The main findings of this observational study were large inverse associations between both dietary and plasma vitamin C, dietary vitamin E and the risk of OAC, plus plasma vitamin C and BO, in participants at recruitment aged younger, but not older than, 65 years. Some evidence these associations may be protective ones are: plausible biological mechanisms for antioxidants preventing BO and OAC, large effect sizes, a biological gradient, associations persisting after correcting for confounders and temporality of dietary data collection, although to infer causality the findings need to be replicated in similar aetiological studies. The reasons for the inverse association between vitamins C and E and OAC in participants recruited younger than 65 years, the midpoint of the peak prevalence of symptomatically diagnosed BO, but not those older than 65 years, are uncertain. The molecular mechanisms for OAC involve metaplasia, dysplasia and malignant change. Our findings of inverse associations in participants recruited before the peak prevalence of BO and then the subsequent development of OAC is consistent with the hypothesis that pro-oxidation is involved in the earlier, rather than later histological changes in the oesophageal mucosa, which may be attenuated by dietary antioxidants. This epidemiological finding would support any laboratory mechanistic information showing earlier stages of carcinogenesis involve pro-oxidation.

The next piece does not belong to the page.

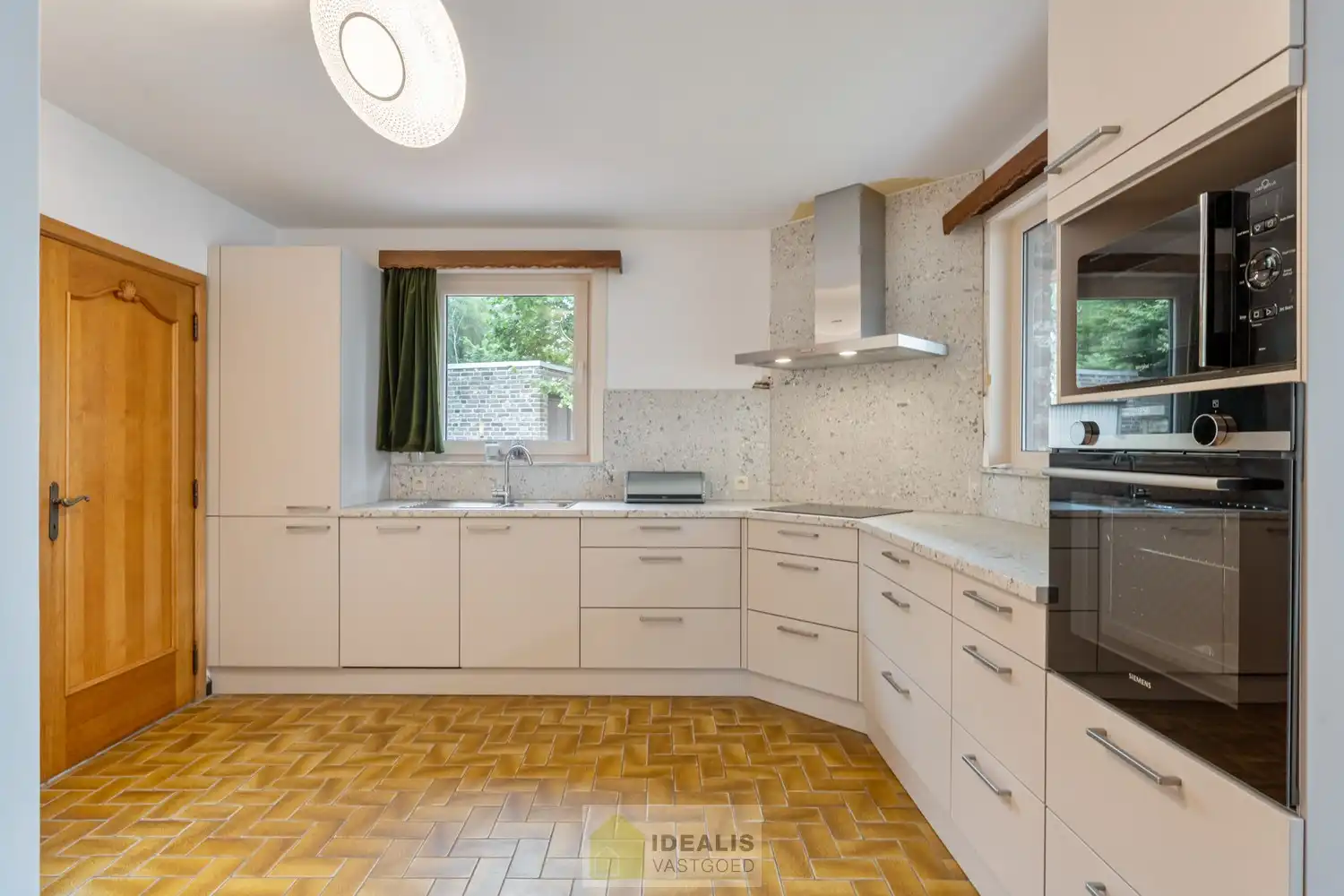 IDEALIS VASTGOED - EENGEZINSWONING MET 4 SLAAPKAMERS OP EEN AANGENAAM PERCEEL VAN 8A 71CA! foto 14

The study’s strengths include its prospective design, which ensured that antioxidant intakes were assessed prior to symptoms, thereby reducing recall bias. A strength was the accuracy of the 7-day food diaries for measuring habitual dietary intake, which were validated against 16 day weighed records, the gold standard for dietary studies. For vitamin C intake, the Spearman correlation coefficient for 7-DFDs was 0.70 compared with 0.54 from FFQs,[15] hence the former attenuate measurement error for diet. Follow-up bias should be minimal, as 20 years after EPIC recruitment, 95.6% of the population still have Norfolk post codes. In any observational study there is always the possibility of residual confounding, namely other dietary variables associated with antioxidant intake, which truly influence disease risk. There were relatively small numbers of participants in quintiles of antioxidants, although further follow-up will accrue more cases to give greater statistical precision. We acknowledge that inverse associations for antioxidants and OAC in the younger age group may be due to chance, although full statistical significance was reported for vitamins C and E. Only one diary record and plasma sample were recorded at baseline, and some individuals’ diets will alter due to illness and seasonal changes. However, as this is a prospective cohort design and measurement error is applicable to future cases and non-cases, effect sizes will be an under-estimate rather than spurious overestimates. Repeated measures of diet over time in a cohort study reported intake remained stable and was unlikely to change between quintile categories.[16]

No previous prospective cohort study, whose methodology reduces recall and selection biases, has investigated dietary antioxidants and the risk of developing both BO and OAC in the same population. Prospective data from our investigation suggests the inverse associations with certain antioxidants are more likely to be true ones, although confirmation from other cohort studies is required. Such data may support randomised controlled trials assessing if these micronutrients prevent the transformation of BO.